The corn we ultimately uprooted and discarded.  While it was kind of pretty and immediately evocative of a sort of Americana nostalgia (or, in the alternative, horror film creepiness) – it was also big and floppy (in a bad way) and the corn cobs that it produced were atrophied and not really worth the yard space:

The tomatoes, on the other hand, were plentiful and healthy and of many varieties.  It was such a pleasant surprise to find some interesting heirloom varieties (which I’ve tried to recreate in this year’s garden).

Last year’s heirloom:

I think we sliced up the above tomato (and those like him) and ate them for what they were.  But we had quite a few tomatoes last year, and so we wound up making a lot of delicious, spicy tomato sauces.

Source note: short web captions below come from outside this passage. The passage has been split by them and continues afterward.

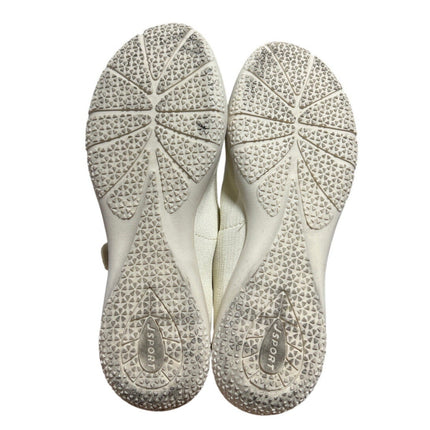 JSport Womens Size 8 Beige Tan Hook Loop Closure Mary Jane Comfort Shoes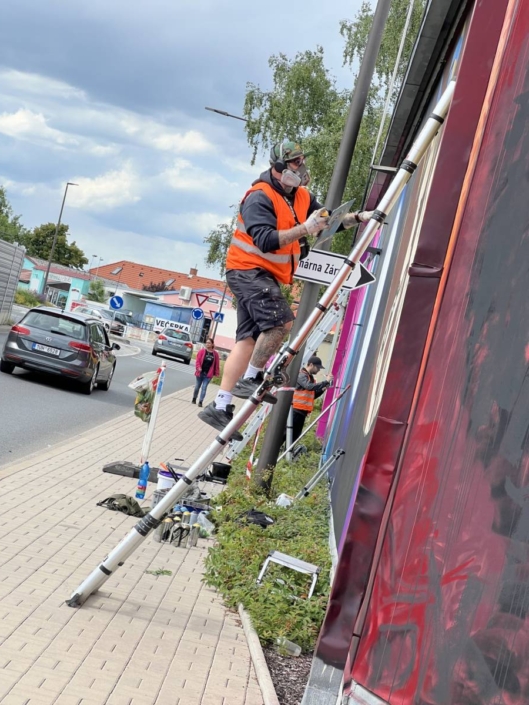 MĚSTO=GALERIE Brandýs n. L. - Stará Boleslav 2025 proces MĚSTO=GALERIE Brandýs n. L. - Stará Boleslav 2025 proces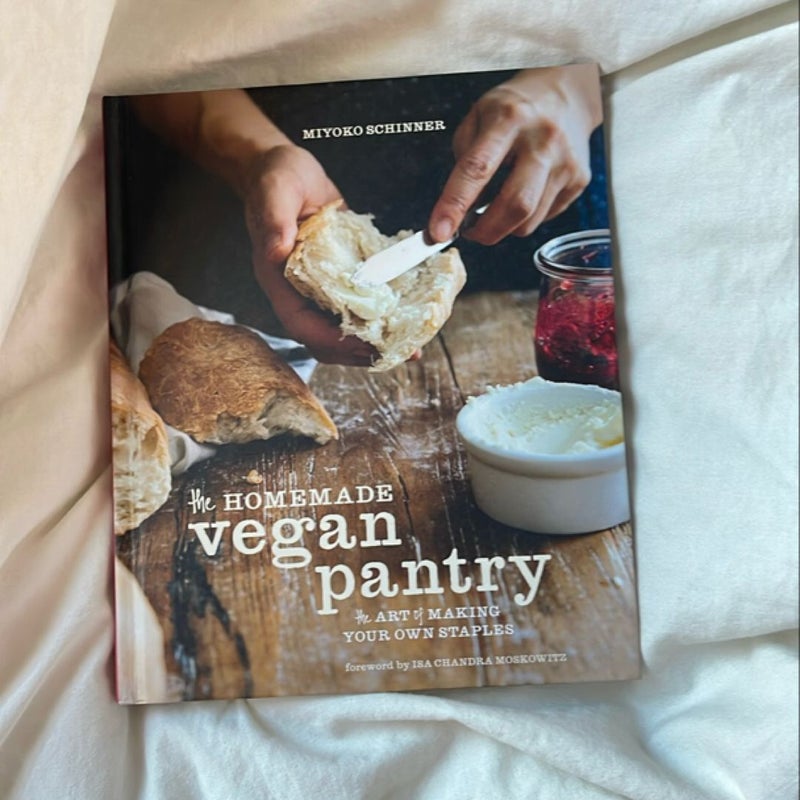 The Homemade Vegan Pantry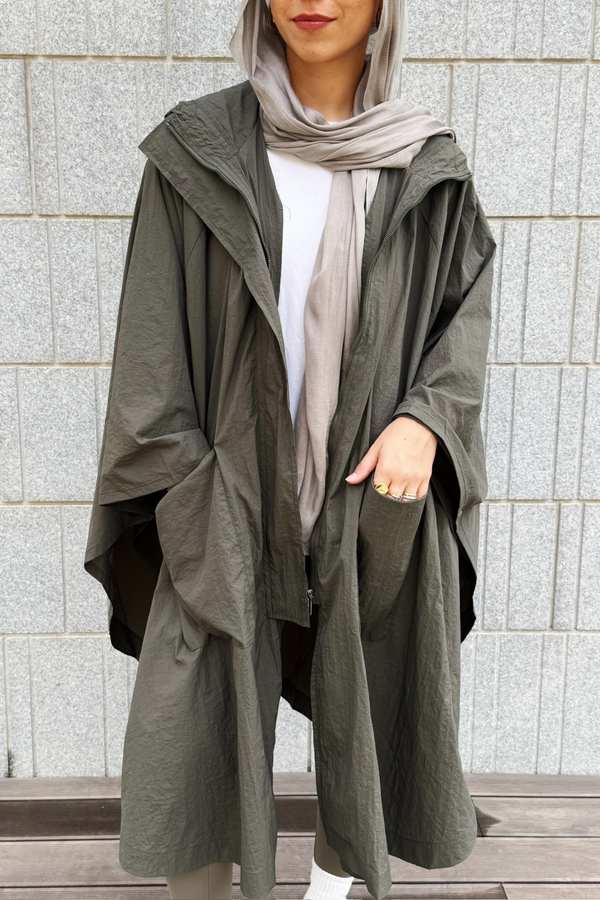 Explorer Waterproof Coat in Olive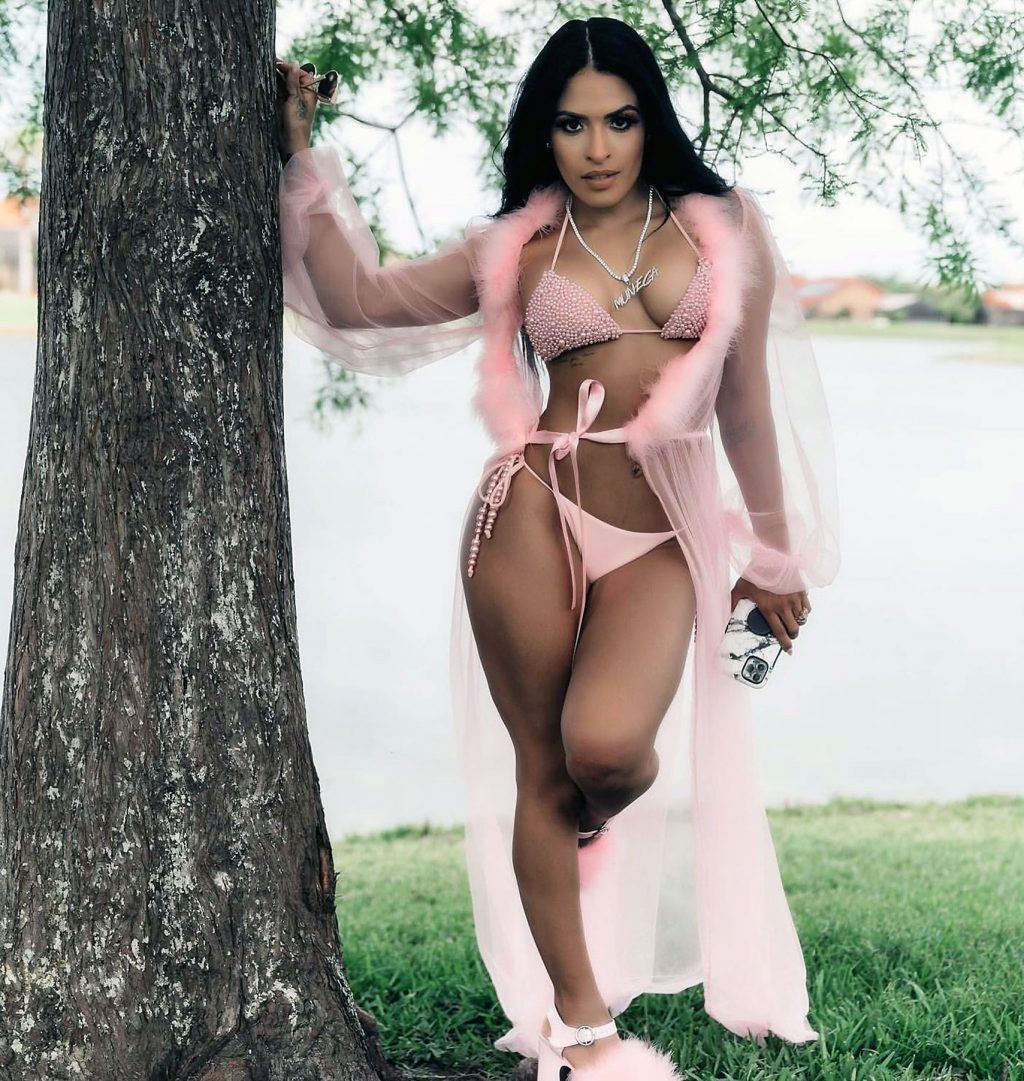 Zelina Vega nude ass tits porn feet bikini new leaked ScandalPost 25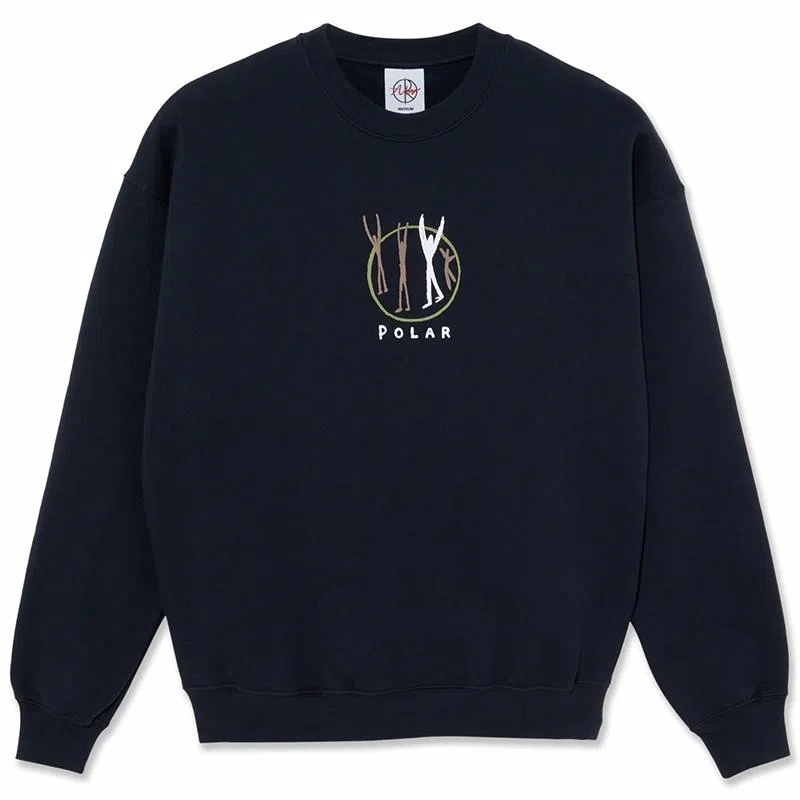 POLAR SKATE CO Gang Crewneck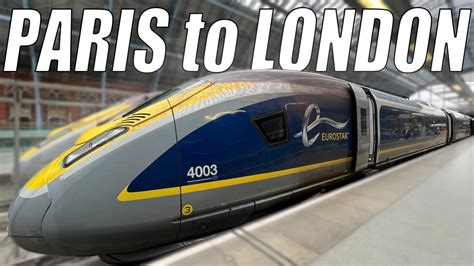 Eurostar Train Business Premier From Paris To London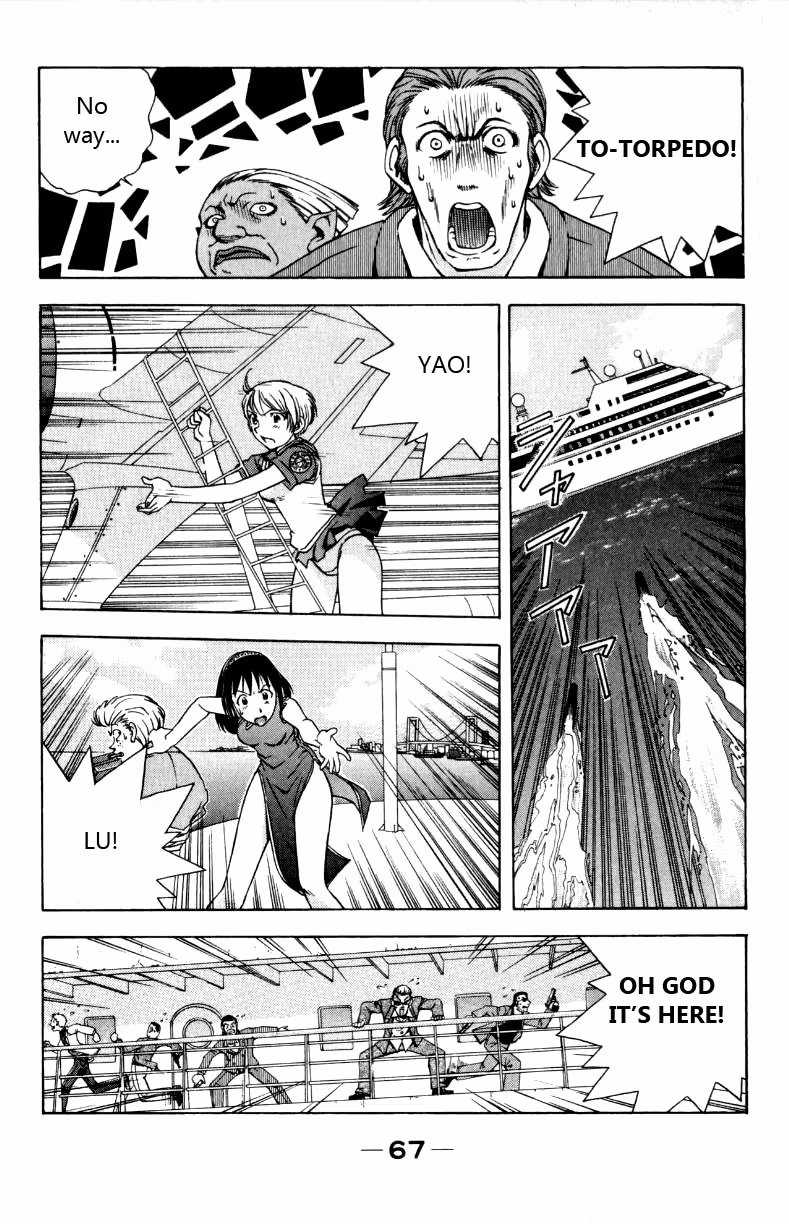 Read Miami Guns chapter 11 image 28 on Lezhin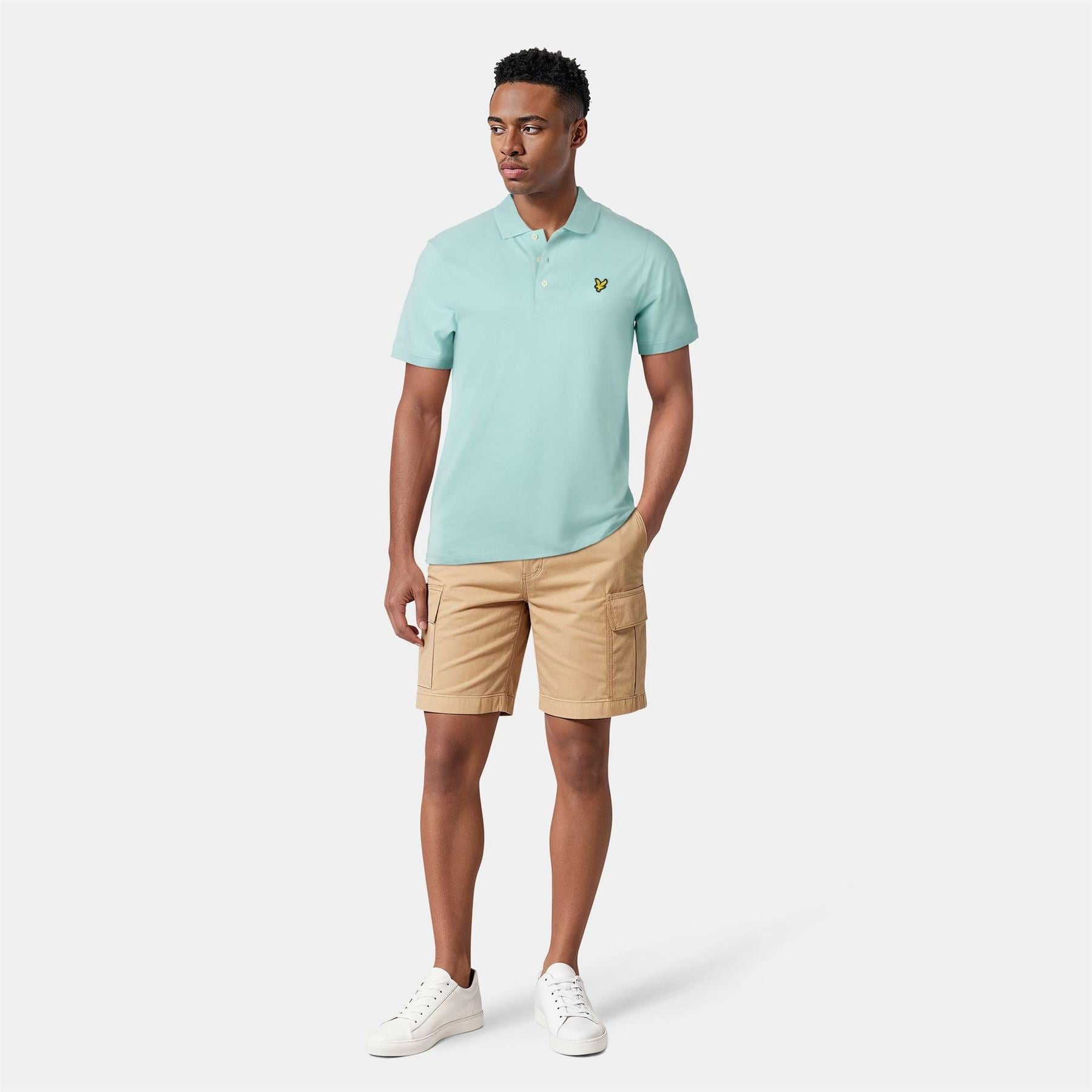 Lyle and Scott Short Sleeve Polo Shirt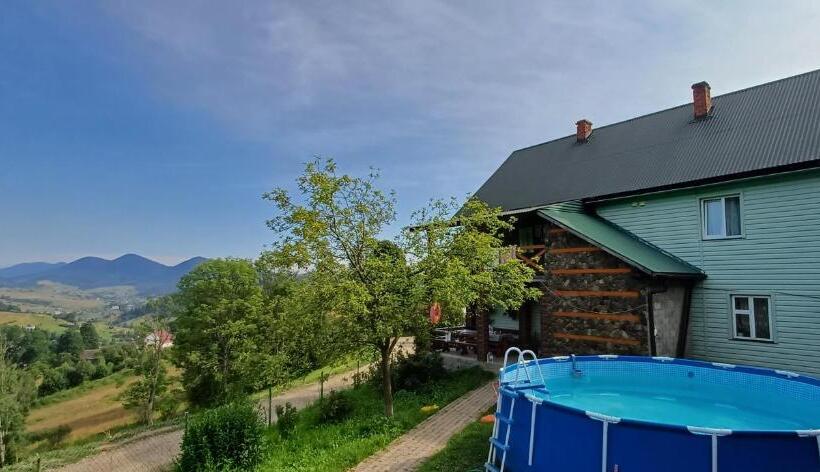 פנסיון Green House Panorama Karpat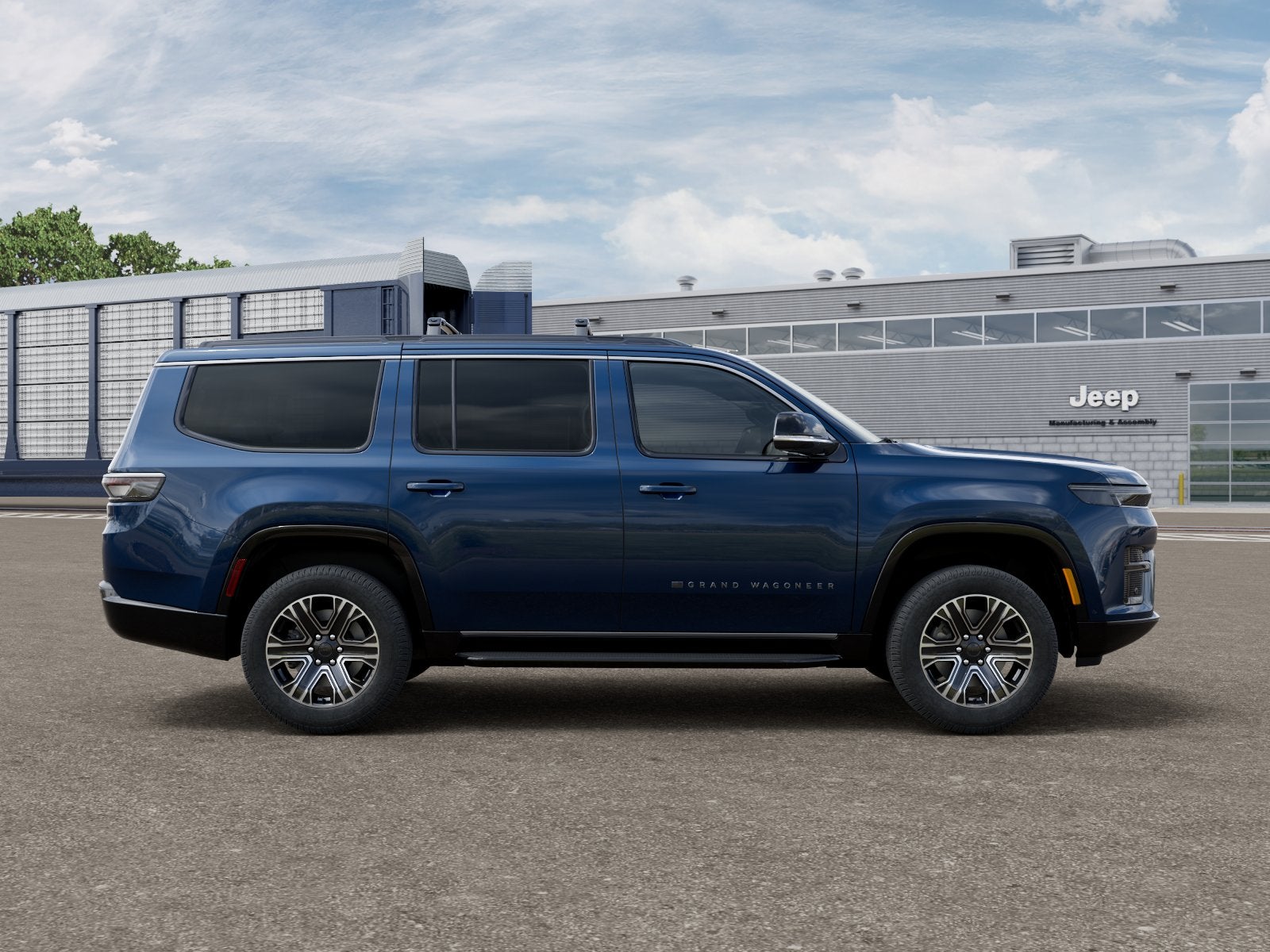 2026 Jeep Grand Wagoneer 4x4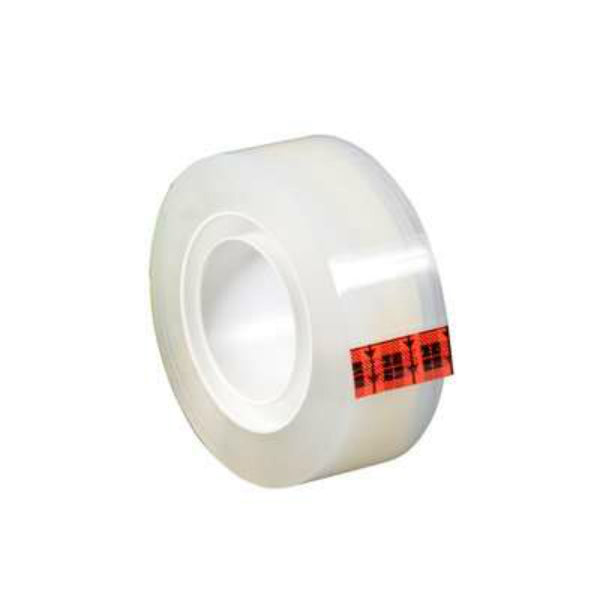 Scotch 600 Transparent Tape Refill Roll, 1/2" x 72 Yards, Clear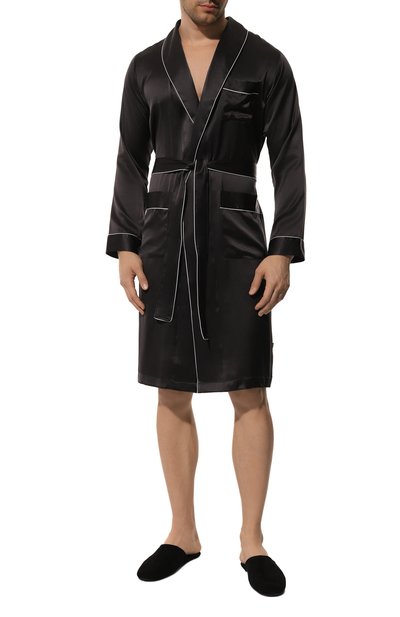 Шелковый халат ZIMMERLI, арт. 6000-75131/S, фото 3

Some of our other tomatoes:

This year, we’ve stared our tomatoes from seed (ripping the old ones out of the ground once the season ended – as you’re supposed to.)  We are looking forward to:

Reisentraube Tomato

This old German heirloom was offered in Philadelphia by the mid-1800’s. The sweet red 1-oz fruit grow in large clusters, and the name means “Giant Bunch of Grapes” in German. It is probably the most popular small tomato with seed collectors, as many enjoy the rich, full tomato flavor that is missing in today’s cherry types. Large plants produce massive yields.  (Can be ordered here)

Brandywine Tomato

Brandywine, which dates back to 1885, is the heirloom tomato standard. One taste and you’ll be enchanted by its superb flavor and luscious shade of red-pink. The large, beefsteak-shaped fruits grow on unusually upright, potato-leaved plants. The fruits set one or two per cluster and ripen late—and are worth the wait. Brandywine’s qualities really shine when it develops an incredible fine, sweet flavor.  (Can be ordered here)

Black Krim Tomato

Originally from the Isle of Krim on the Black Sea in the former Soviet Union. This rare, and outstanding tomato yields 3-4″ slightly flattened dark-red (mahogany-colored) slightly maroon, beefsteak tomatoes with deep green shoulders. Green gel around seeds. Fantastic, intense, slightly salty taste (which is great for those not wanting to add salt to their tomatoes).  Black Krim is one of my best black tomatoes. Also suitable for container/patio garden. Perfect choice for slicing, salads and cooking.  (Can be ordered here)  Isn’t there something pomegranate-like about them and their dark seed spaces?

And I haven’t fully excluded the possibility of growing another variety in a pot out front 🙂  But I eat at least 1-2 tomatoes a day, on average – so there’s definitely a demand in our home that would support such a supply.